A Non-Fungible Token is simply a term for a token which is indivisible (i.e. non fungible). It specifically is a term used to describe a ‘unique’ digital asset whose ownership is tracked on a blockchain. The most common NFTs are those on the Ethereum blockchain using the ERC-721 standard and some on ERC-1155. ERC-721 was the standard used for Cryptokitties. ERC-1155 is an increasingly popular standard, which allows for the creation of both utility tokens and non-fungible tokens which are more efficient in bundling transactions to save on gas (transaction costs).
Besides Ethereum, there are also other blockchains like EOS, NEO and Tron who have introduced their own NFT standards. Tron, for example introduced their standard, TRC-721 in December 2020 and it is being used for a Cryptoflower game.
Properties of a NFT
What makes a NFT unique is the aspect of non-fungibility.
The key characteristic is that the tokens are indivisible and they can have smart contracts which allow for detailed attributes such as identity of the owner, rich metadata, or secure file links. The unique information could be the address of a digital artwork and the proof that it is the original to be owned. Besides the non-fungibility, it benefits from the blockchain by being difficult to destroy and being publicly verifiable.

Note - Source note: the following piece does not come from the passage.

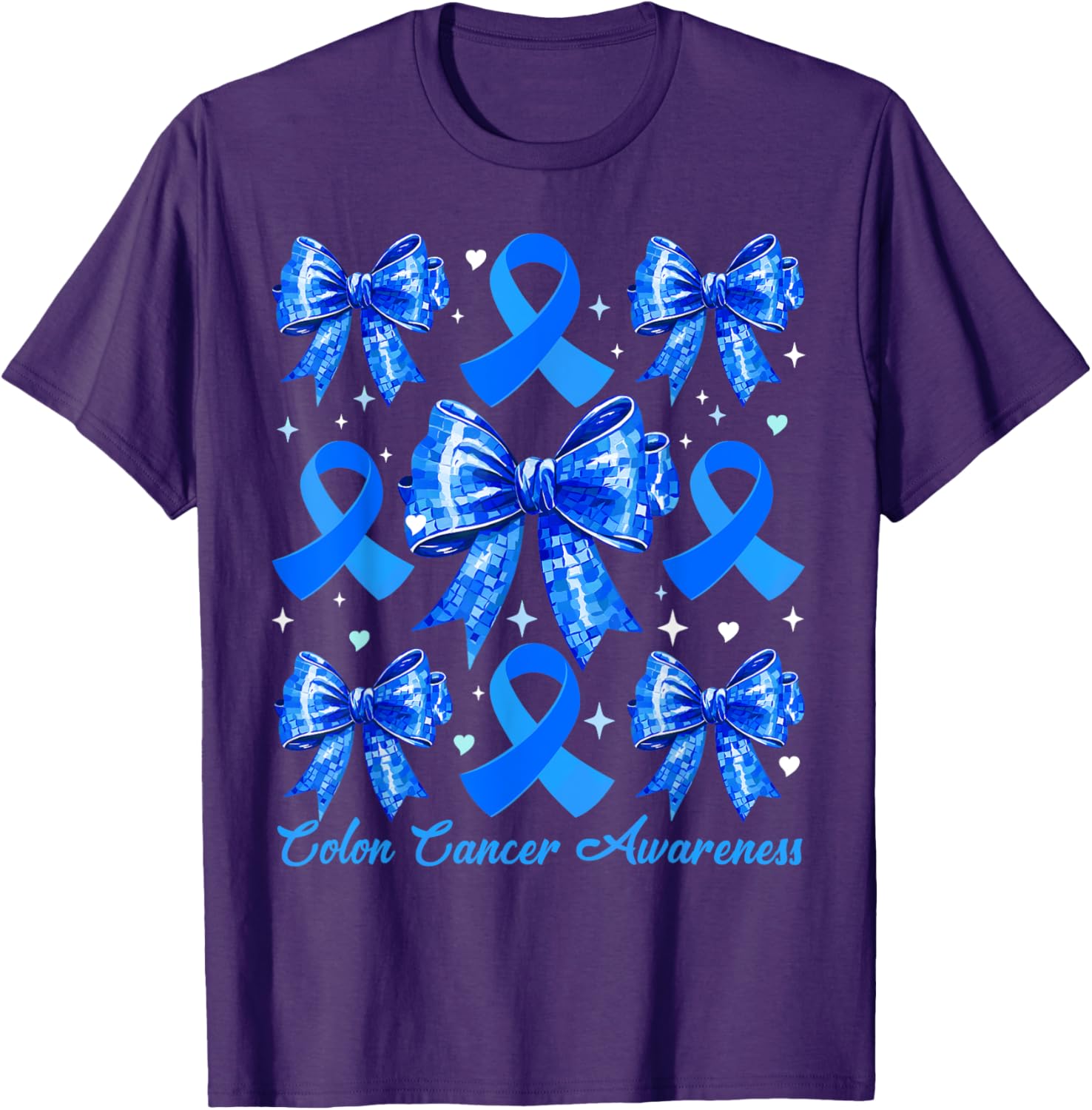 Retro Coquette Blue Ribbon T-Shirt for Women's Colon Cancer Awareness - 1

There are several use cases for NFTs. They can for example be used to signal the ‘rights’ for ownership of a certain piece of digital art. They can also be used in a commemorative manner and be traded. They can be used for assets within a video game.
The current hype around NFT is in digital collectibles. Whilst well-known artists or famous creators/influencers/celebrities can sell a NFT like a good ol’ brand name entrepreneur/influencer/celebrity could sell an ICO to the crowd, many artists who have issued NFTs have not always performed so well.
The key difference between a highly bid up NFT versus a lower priced one is the audience size of the creator behind the NFT. In this aspect, the NFT is a valuable means of securing cryptocurrency as a return on a creator’s branded piece of work. Chris Torres, the artist behind the Nyan Cat meme, is an example of one such creator who has secured a monetary return for the claim of ‘ownership’ over the original. In selling off the bragging rights, Torres was paid $600K in Ethereum for it.
Whilst some argue the uniqueness of a NFT is its scarcity - one could also argue that this is generally the same for a physical good. A chair made by a famous designer is a unique piece e.g. Marc Newson’s Lockheed Lounge. It is as unique as the ship of Theseus, there can however be copies and other pieces with an equal claim of being ‘unique’.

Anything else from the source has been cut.